Gece oldukça kaliteli bir uyku halim olmasına rağmen; orman havasının iyi gelmesinden olacak saat 09:00'a kadar yattım. Günler kısa olduğu için aslında daha erken kalkmam lazım. Şubatın başı olmasına rağmen Kıbrıs'ta çok da soğuk olmayan bir gece geçirdim. -25 extreme derecesine sahip olan tulum bu havada fazla geldi bana. Bir ara artık sıcaktan darlandığım için baş bölgesindeki ipi gevşeterek serinlemeye çalıştım; bu da yetmedi tulumun fermuarını açtım.
Uyandıktan yaklaşık bir saat sonra dün kaleye çıktığım yolu ters yönde alarak Girne'ye geri döndüm. Girneden sağa dönüp Karpaz Yarımadası istikametine doğru yol almaya başladım. Öğle civarı sağa sapıp dik bir yokuşla Beşparmak Dağları'nın eteklerindeki Beylerbeyi Köyü'ne ulaştım. Burada bir manastır var; Bellapais. 3,5 Liraya bir bilet alıp manastırı gezmeye başladım. Bu manastırın ilk sakinleri, Selahaddin Eyyubi 1187 yıında Kudus’ü ele geçirdiği zaman Kıbıs’a göç eden Augustinian mezhebi rahipleri imiş. Manastır, Gotik sanatın bir şaheseri ve Yakın Doğu’daki en güzel örneği olarak kabul edilmekteymiş. Manastırda günümüzde çeşitli konserlerin düzenlendiği bir salon mevcut. Manastır Girne'ye ve denize hakim bir noktada. Kıbrıs'a gidecekler burayı listesine dahil etsin.
Köye saptığım anayoldaki sapağa güzel ve hızlı bir inişle geri döndüm. Anayoldan denize paralel bir şekilde doğuya doğru sürmeye devam ederken, şubatın ikisi olmasına rağmen Kıbrıs'a baharın çoktan gelmiş olduğunu gördüm. Erik ağaçları çiçek açmış, ekinler diz boyu olmuş, etrafı sarı çiçekler bezemiş.

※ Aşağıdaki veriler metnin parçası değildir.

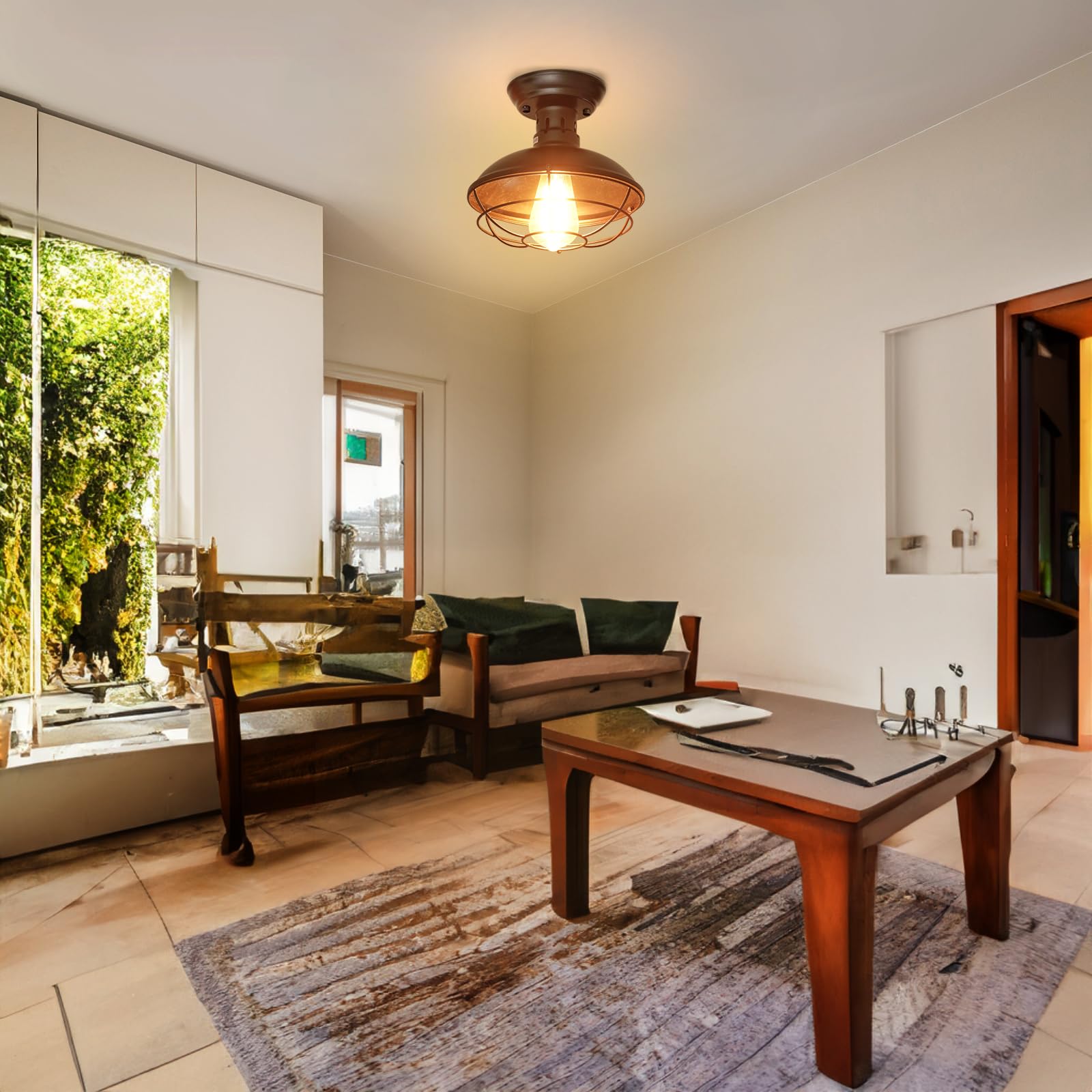 FRIDEKO HOME 2 Pack Flush Mount Ceiling Light Rustic Black Metal Cage E26 Base Model L01124-01-22CM-US-2PCS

Dün Girne merkezde "İyi ki kışın geldin. Yazın çok sıcak oluyor buralar; değil bisiklet sürmek, gölgelikten başınızı çıkaramazdınız." gibi söylemleri oldu insanların. Yazın müsait olsaydım yazın gelirdim. Atın ölümü arpadan olsun.
Girne'den doğuya doğru giderken el değmemiş, ayak basılmamış harika plajlar var. Ara ara villa istilası olsa da Kıbrıs hala çok güzel, büyük bölümü hala çok bakir.

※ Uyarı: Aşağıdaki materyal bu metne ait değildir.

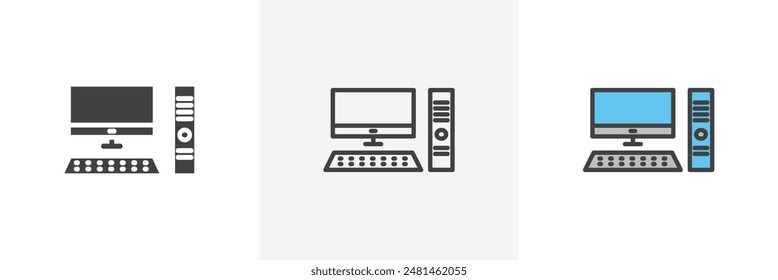 Computer icon symbol collection on white background.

Saat 17:00'ye yaklaşmaktayken Kaplıca Köyü yakınlarında bir kumsala çadırımı kurdum. Yemeğimi yedikten sonra ufak bir kumsal yürüyüşü yaptım. Yalnız olunca insan hülyalara dalıp gidiyor. Sonra çadıra girip zaman geçirmek için biraz not tuttum. Şimdilik saat 19:00 ama benim hala uykum yok. Tekrar bir sahil yürüyüşü yaptım. Bu sırada evi aradım. Yaren'im akşam olduğundan habersiz, "Akşama gelecek misin baba?" diyor. Her gün iş için evden çıkarken vedalaşma törenlerinde akşama geleceğim dediğim için geleceğim zamanı akşam olarak bellemiş. Ayrılalı birkaç gün olmasına rağmen çok özledim onu. İlk günlerde hep böyle olur bana. sonra tekrar çadıra girip uyumaya çalıştım. Yarın İstikamet doğu, hedef en doğu. Böylece en doğuya- Zafer Burnu'na kadar gitmeyi planlıyorum.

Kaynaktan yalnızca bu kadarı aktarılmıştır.